# PROVIDED INFORMATION

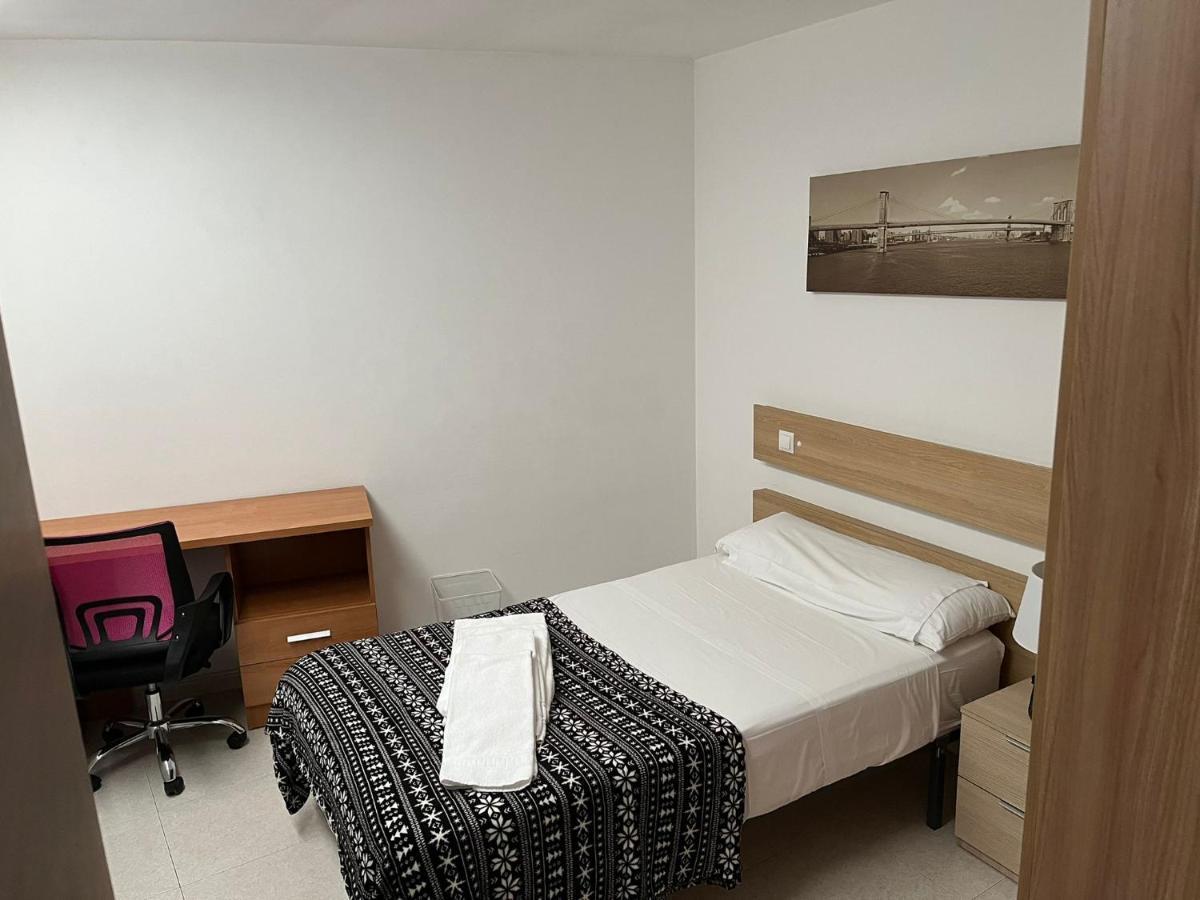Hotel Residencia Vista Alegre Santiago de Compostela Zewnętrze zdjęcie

* * *

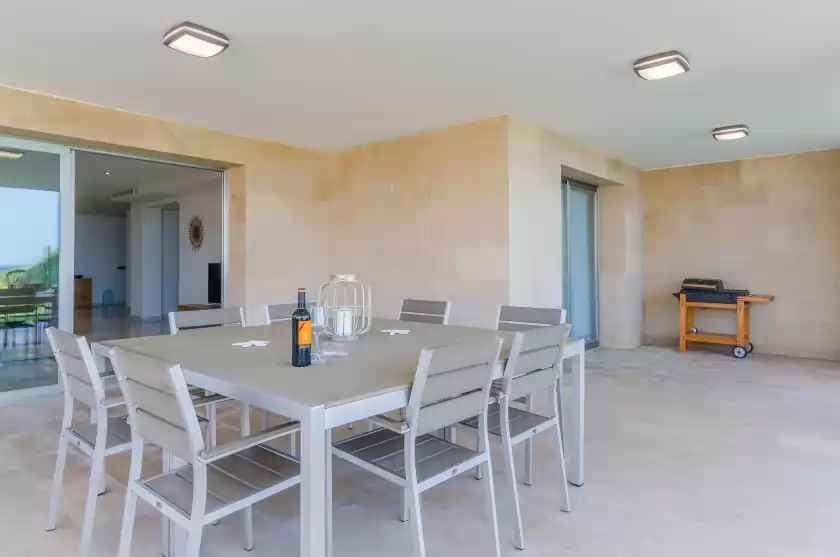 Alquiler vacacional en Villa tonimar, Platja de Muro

...

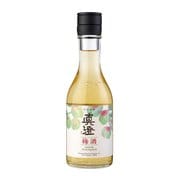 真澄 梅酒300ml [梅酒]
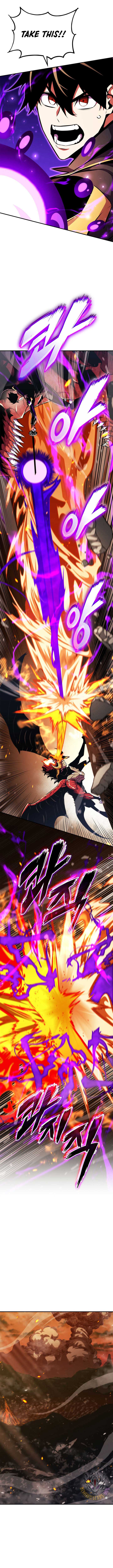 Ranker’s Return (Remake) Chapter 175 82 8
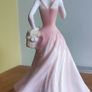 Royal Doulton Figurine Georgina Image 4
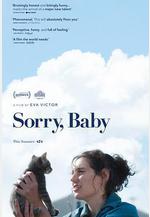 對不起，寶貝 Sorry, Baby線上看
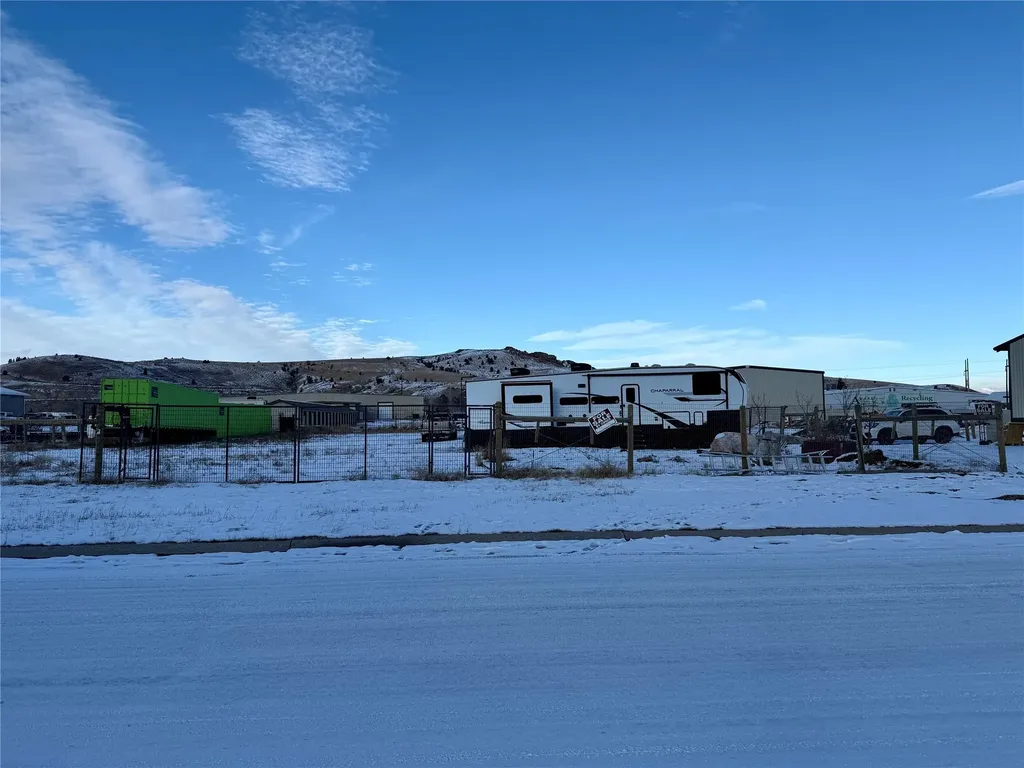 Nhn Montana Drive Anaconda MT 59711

# PROBLEM TO SOLVE
Repeat the lines above exactly, beginning with the one containing "對不起，寶貝 Sorry, Baby線上看" and finishing with the one containing "Nhn Montana Drive Anaconda MT 59711". No pictures belong in the copy.

# TASK RESULT
 對不起，寶貝 Sorry, Baby線上看
 Nhn Montana Drive Anaconda MT 59711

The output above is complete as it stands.